3.2 Parallel vs Sequential execution#

The arguments containing the waveforms have a leading axis n_reps, which is used to efficiently execute multiple repetitions. This means the values in the arrays can change but the temporal raster hast to be identical. Examples for this would be varying phase-encoding gradients over consecutive TRs or Diffusion/Velocity encoding waveforms with varying scaling. The reason for this being efficient is, the internal working of the tf function and its memory layout on the GPU (which should not be a concern for most people). If no repeating elements are present, this axis has the axis 1 and the following explanations are irrelevant.

Executing the simulation is done by calling the instantiated module. For a detailed description of the calling signature look into the API documentation.
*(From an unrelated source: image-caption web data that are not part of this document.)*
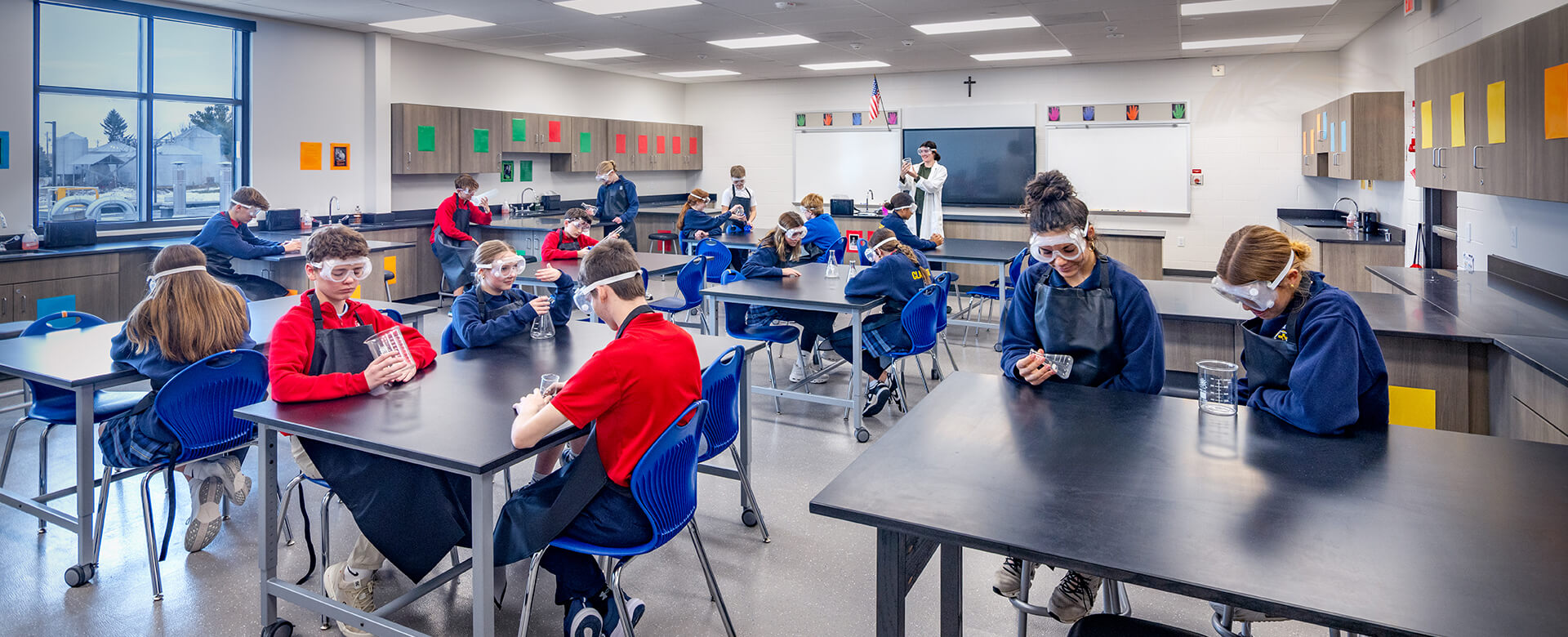 St. Joan of Arc Catholic School 10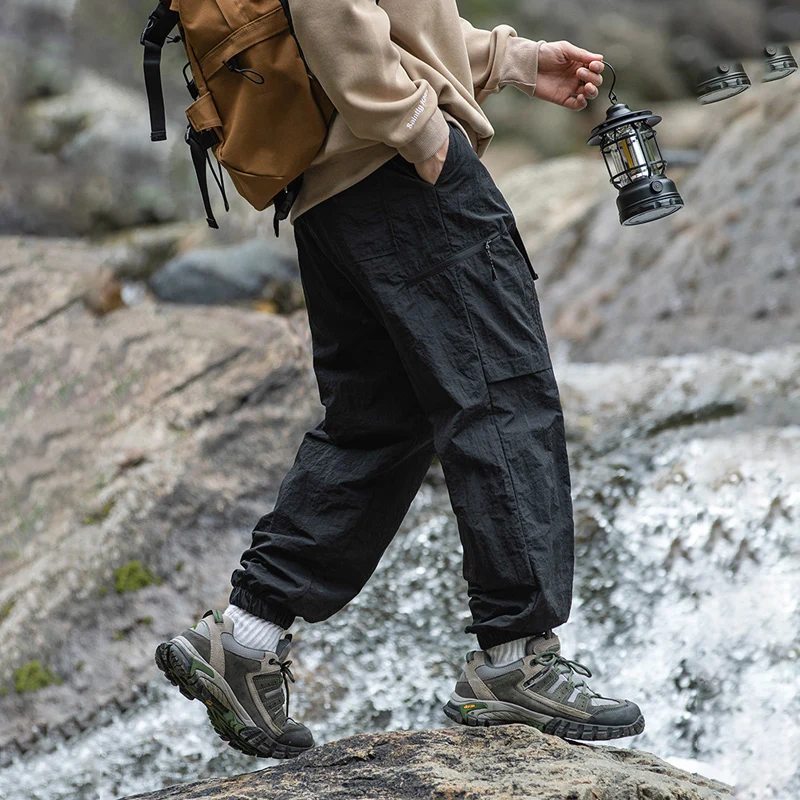 Spodnie cargo męskie TFETTERS, – Outdoor Camping Brands recenzja i cena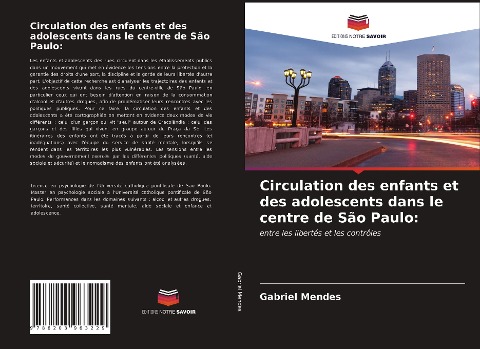 Circulation des enfants et des adolescents dans le centre de São Paulo: - Gabriel Mendes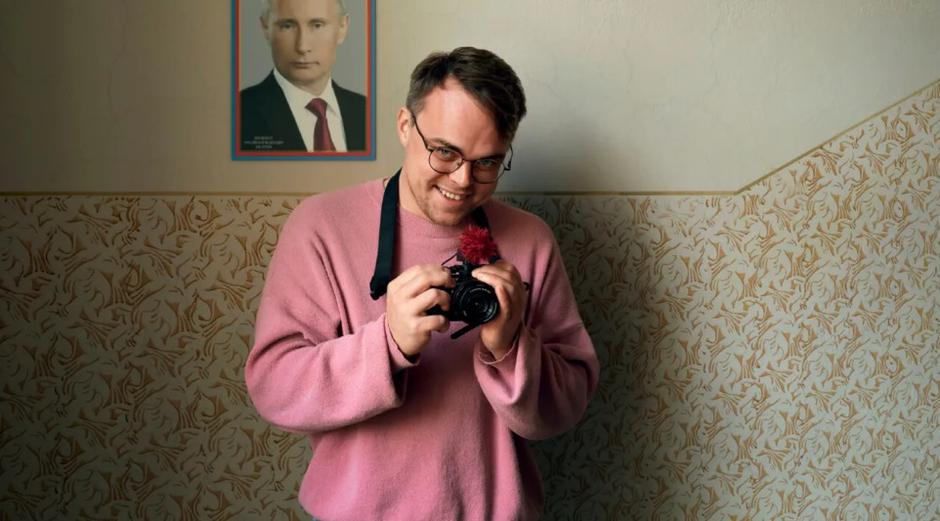  | Author: Gospodin Nitko protiv Putina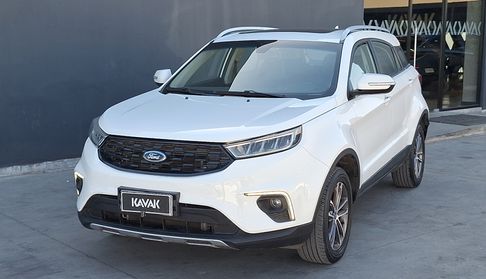 Ford Territory 1.5 TREND CVT Suv 2021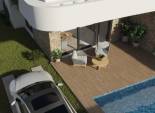 New Build - detached -
Los Montesinos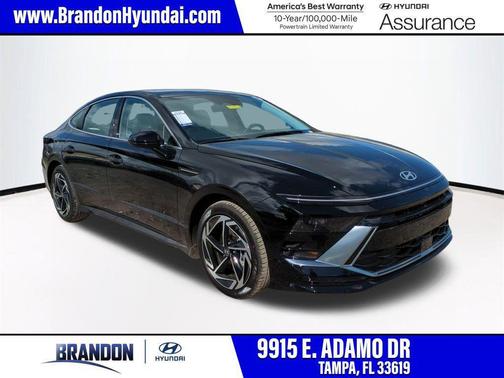 2026 Hyundai SONATA SEL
Code examples for calling the module are given below as well as in the example notebooks. In short, the call function takes the inital magnetizations, inital positions and all required particle properties alongside the trajectory module instance and returns the resulting magnetization vectors as well as the new positions.

Parallel: In some simulation experiments it might be desirable to not compute particle updates over and over again for varying sequence parameters (e.g. VENC) so the GeneralBlochOperator allows to specify the boolean run_parallel argument. If true the integration is evaluated for a single set of trajectories but for all waveforms. The corresponding signal is then accumulated as described in 3.4.

Call with parallel execution

For memory reasons batch the digital phantom and iterate over it

properties = ...  # From input definition
n_samples = tf.shape(module.gradient_waveforms)[1]
n_repetitions = tf.shape(module.gradient_waveforms)[0]
for phantom_batch in tqdm(tf.data.Dataset.from_tensor_slices(properties).batch(int(3e5))):
    m, r = bloch_mod(trajectory_module=trajectory_module, run_parallel=True, **phantom_batch)

Sequential: If the simulation aims at investigating the magnetization history or if re-seeding / dropping of particles before every rf-pulse pulse is required, the repetitions should be run sequentially. To accumulate the signal according to the correct repetition, the calling signature includes the argument repetition_index.

Call with sequential execution

After each repetition the new magnetization is passed to the module again

properties = ...  # From input definition
n_samples = tf.shape(module.gradient_waveforms)[1]
n_repetitions = tf.shape(module.gradient_waveforms)[0]

for phantom_batch in tqdm(tf.data.Dataset.from_tensor_slices(properties).batch(int(3e5))):
    r = phantom_batch.pop("initial_position")
    m = phantom_batch.pop("magnetization")
    for rep_idx in tqdm(range(n_repetitions)):
        m, r = module(trajectory_module=trajectory_module, initial_position=r, magnetization=m,
                      repetition_index=rep_idx, run_parallel=False, **phantom_batch)

3.3 Signal accumulation#

For each step of the time raster, the gridded adc input must specify if the step should be recorded or not. If the the value of the (is_on) channel is greater than zero, the sum over all isochromates transverse magnetization weighted by its effective magnetization is evaluated and added to the accumulator bloch_module.time_signal_acc[rep_idx][step_idx]. As the fourier integral can be decomposed into sums of batches, it is trivial to split the phantom and progressively summing up the signal.

After execution the signal can be directy accessed, and its value must be manually reset before re-using the simulation module.

3.4 Submodules#

Currently, submodule adding a phase-contribution to the gradient application are supported. The available submodules are listed in API documentation as cmrsim.bloch.submodules. A list of submodules can be passed as argument on instantiation of the GeneralBlochOperator object. For an example using off-resonance in a BSSFP resulting in banding artifacts checkout the example notebooks.